Apple — which has been criticized in the past for greenhouse gas emissions, the use of toxic materials in its products, and working with suppliers who hire underage workers — has adopted a slew of new green policies recently and now earns better marks from groups such as Greenpeace.
For managers of environmentally aware mutual funds, the recent improvements bolster the appeal of a company whose shares are considered green in another way — by making money.
While the iPhone maker’s stock is up more than 15% this year, Apple shares are still considered attractively priced, given the company’s massive earnings. This, plus improving environmental performance make Apple “the one stock you just can’t ignore,” says Anthony Tursich, senior portfolio manager of the Portfolio 21 Global Equity Fund, a so-called green fund that bought Apple in 2011 after the company began providing more emissions data.
Tursich’s biggest holding is another tech giant, Google , which he bought only after the search engine company made progress on renewable energy.
Environmental fund managers may be broadening their shopping lists in part because they have more money to deploy: For the 12 months ended April 30, investors put $1.9 billion of new money into the 72 funds tracked by Lipper that use environmental criteria in their investment decisions.
That’s still tiny relative to the $247.6 billion that went into all U.S. equity funds, but it represents a 5% inflow that Lipper research head Tom Roseen said was significant. The bulk of the new money, more than $1 billion, went into the dominant $9.5 billion Parnassus Core Equity Fund, Lipper said.
Apple is the top holding of the Parnassus fund, which bought most of the shares in 2013, the year the fund rose 34% and beat 72% of peers, according to Morningstar. Through June 13 the fund was up about 7% in 2014, beating 87% of peers.
Apple is also the top holding of the Calvert Equity Portfolio and the Green Century Balanced Fund, and is the third-largest stock in the Pax World Balanced Fund, according to the funds’ latest filings.

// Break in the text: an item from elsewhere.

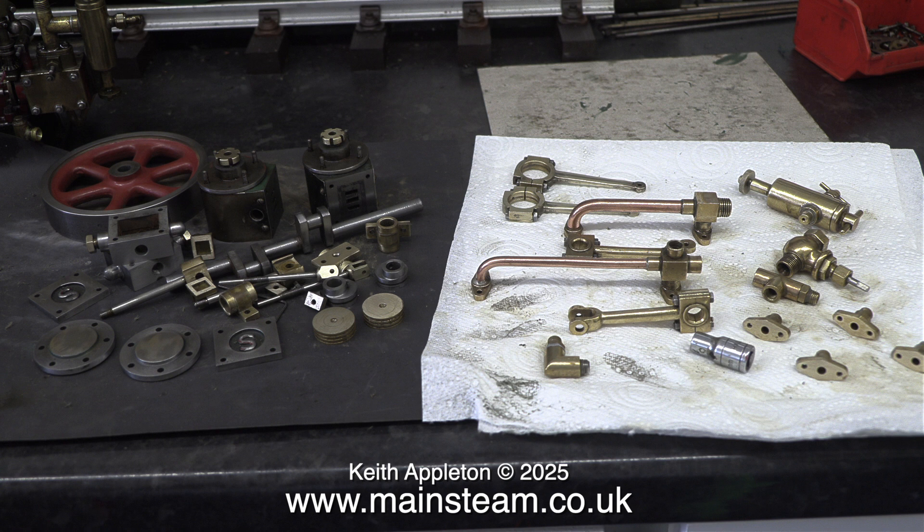Here, after quite a lot of time and effort, are the finished set of parts ready for assembly — with the exception of the bed plate itself, which is still on one of my central heating radiators to harden and bake on the paint.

Fund managers cited a mix of reasons for warming up to Apple, including reforms pushed by Chief Executive Tim Cook and the stock’s outlook. It is up 15% in 2014 on enthusiasm for its iPhones and other pending products, as well as a stock split and a dividend increase.
In the past, Apple had taken hits from activist groups like Greenpeace — which in 2010 called it “very weak” on climate and emissions matters — and has faced scrutiny over the hiring of children at factories of suppliers that make its products.
It also earned a bottom score of “4” on its carbon footprint from the Boston sustainability advocacy group Ceres. Ceres senior manager Kristen Lang said Apple had not released enough information to get a better score, such as making public its targets for reducing greenhouse gas emissions. Google received a higher score of “2” from Ceres, which praised its spending on renewable energy.
Among other things, Greenpeace said Apple was moving too slowly to stop using hazardous materials like polyvinyl chloride plastic — often used to insulate electrical cables — and brominated flame retardants in its products. Critics worried both materials could be released from products during use or when older computers or power cords are disposed in landfills.
In recent years, however, Apple has made changes and improved its image with environmentalists. In April, Greenpeace called Apple a leader for things like powering data centers with solar arrays, wind farms and water. Ceres’ Lang said Apple might get a higher score currently based on steps it has taken since data for her groups’ report was collected last fall.
In addition, Apple this year reported a sharp decline in number of underage workers hired at its supplier facilities abroad.
Apple — whose board includes environmentalist and former U.S. Vice President Al Gore — also last year hired former U.S. Environmental Protection Agency head Lisa Jackson to oversee areas like cutting toxins from its products.
Asked about the Ceres score, Apple spokesman Chris Gaither said the company powers 94% of its global corporate facilities with renewable energy now, up from 35% in 2010. He added: “Of course, the cleanest energy is the energy you never use, and that’s why we’ve made efficiency such an important feature in Apple facilities and products.”